(Working data begins)
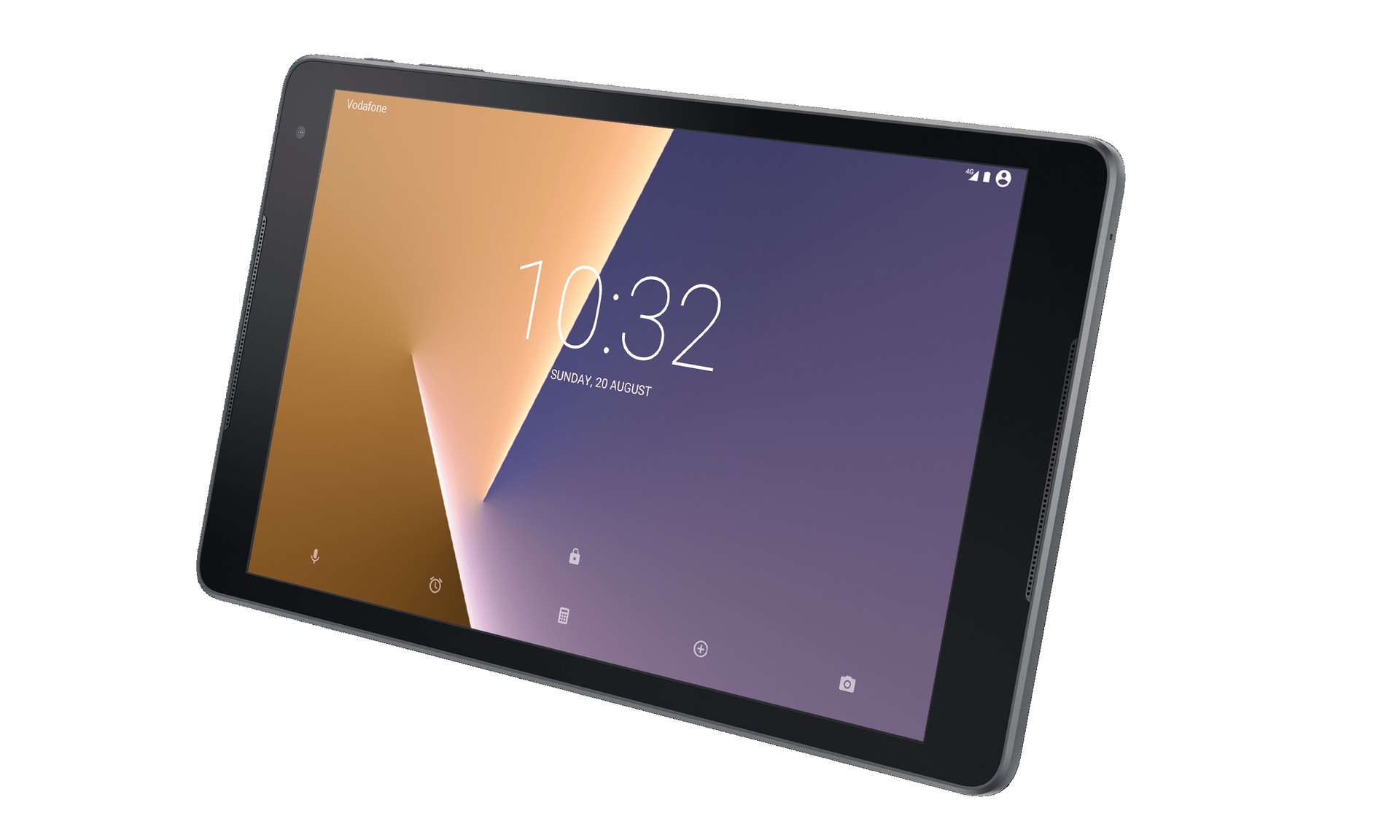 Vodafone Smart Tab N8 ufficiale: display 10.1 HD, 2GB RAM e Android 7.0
(Working data ends)
(Working data begins)
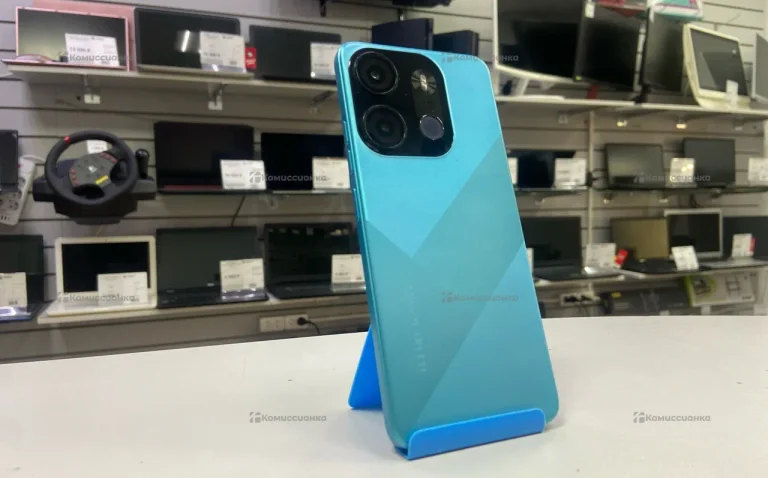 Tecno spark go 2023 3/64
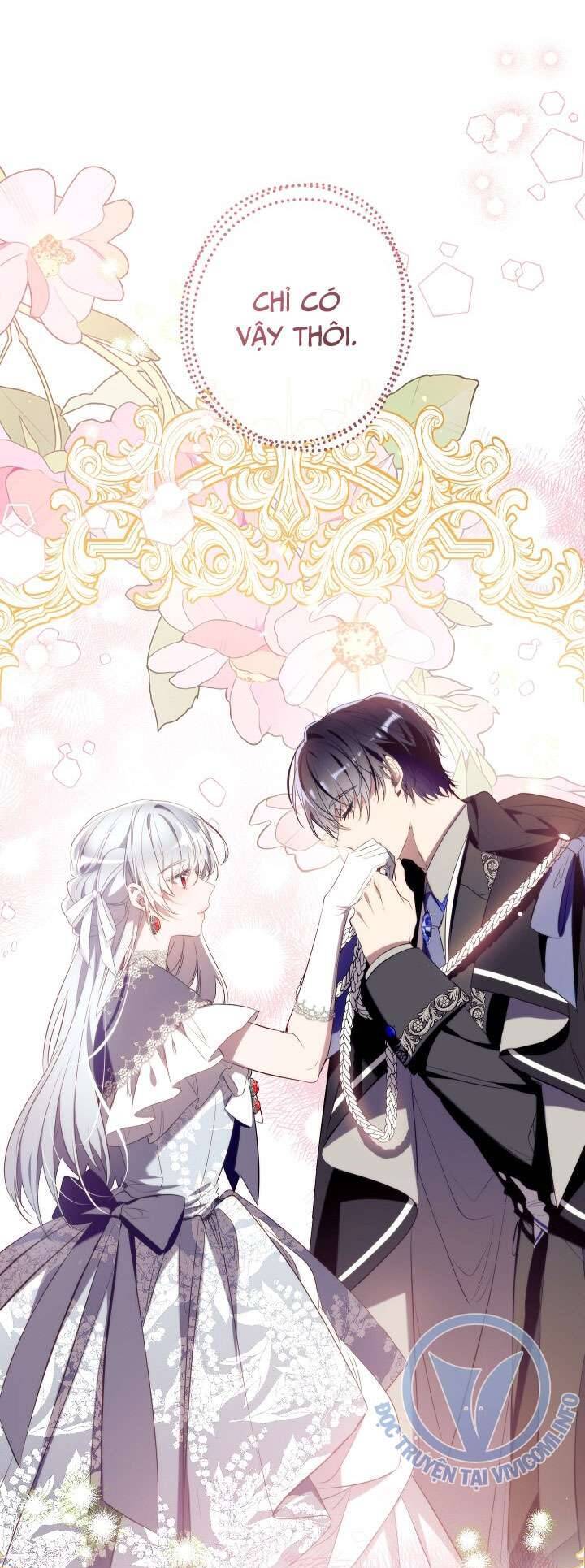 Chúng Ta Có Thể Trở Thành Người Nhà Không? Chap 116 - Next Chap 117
(Working data ends)
> _Work instruction_: Out of the records above, please copy exactly the lines from the line with "Tecno spark go 2023 3/64" up to and including the line with "Chúng Ta Có", minus the pictures.

> _Output of the exercise_:
 Tecno spark go 2023 3/64
 Chúng Ta Có Thể Trở Thành Người Nhà Không? Chap 116 - Next Chap 117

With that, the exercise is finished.